You read this, seemingly every day, and you wonder why anyone buys anything else but FAANG. While it makes for a fun headline, and an interesting two-minute segment on CNBC, the reality of course is different.
Netflix (until yesterday) and Amazon have indeed had spectacular runs in 2018, up 106% and 55% year to date respectively as of July 13th, and while they are the second and eighth best performers in the S&P this year, 99 other stocks have outperformed Facebook, 104 have outperformed Apple, and 129 Google in the same time frame. What’s our point? You don’t need to own FAANG to outperform.

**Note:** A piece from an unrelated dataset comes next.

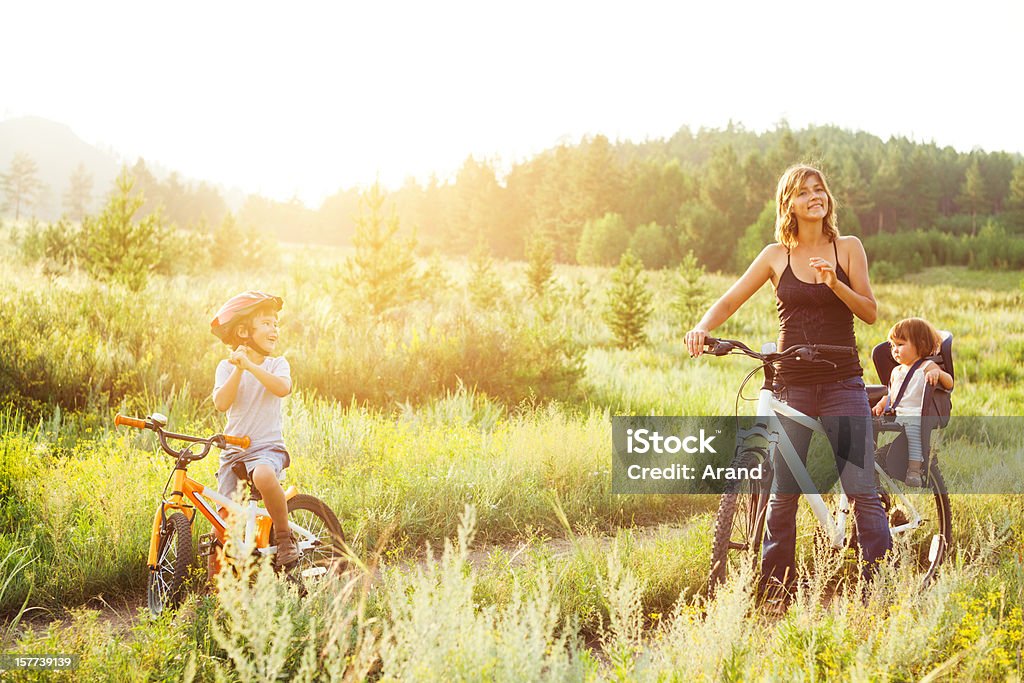 Familia ciclismo - Foto de stock de Familia libre de derechos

More importantly, in spite of the FAANG headlines, correlations between stocks are now at their lowest level in almost a decade, and investors need to properly evaluate the implication. We are moving into a period, likely to continue for some time, where stock picking has been and will be the most important characteristic if one wants to outperform benchmark indices. How do we know? We have three portfolios that own no FAANG, and those portfolios have been miles better than their benchmarks (and the S&P 500). A fourth, which owns a teeny bit of FAANG (just two of the five names) and which uses the S&P 500 benchmark as its index, is also beating the S&P 500 by a wide margin.
As of Friday, July 13th, the S&P 500 Index is up 5.86% for the year-to-date period. But, 244 of the 500 stocks in the index have lower year-to-date returns than the index and more than 200 actually have negative returns. This should tell you that portfolio construction matters. Most everybody has a spice rack in the kitchen, how it is used is up to the chef.
While stock selection has been a hugely important factor aiding portfolio performance this year, it is not the only one. Asset allocation has also mattered. Growth continues to outperform value, small stocks have outperformed large, and stocks have outperformed bonds by a wide margin (which is not as obvious an outcome as you think. . .). While the S&P 500 is up nicely this year, its small stock cousin, the Russell 2000, is almost 2x better. Also, the U.S. has clearly been the place to invest in 2018. The MSCI All-Country-World-Index is only up 1.92% and the MSCI Emerging Markets index is down 5.66%. The Barclay’s Aggregate Global Bond Index is down 1.41%, and gold is down 4.11%.
We continue to believe the period recently passed, where passive investment vehicles outperformed their active peers, will prove to be the anomaly. We have written in the past about the problems with ETFs https://cppinvest.com/problems-etfs-part-ii-junk-trunk/. The return performance laid out above also frames the issue with passive investing.
We started out this piece saying one doesn’t need to own FAANG to outperform. The table below is two media stocks. One (NFLX) is a media darling that everyone talks about and the other (WWE) is an old-world media company that no one talks about. The latter quietly executes relentlessly well. We own the latter. You don’t need to own FAANG to outperform. As the bull market matures, stock picking and asset allocation become all-the-more important.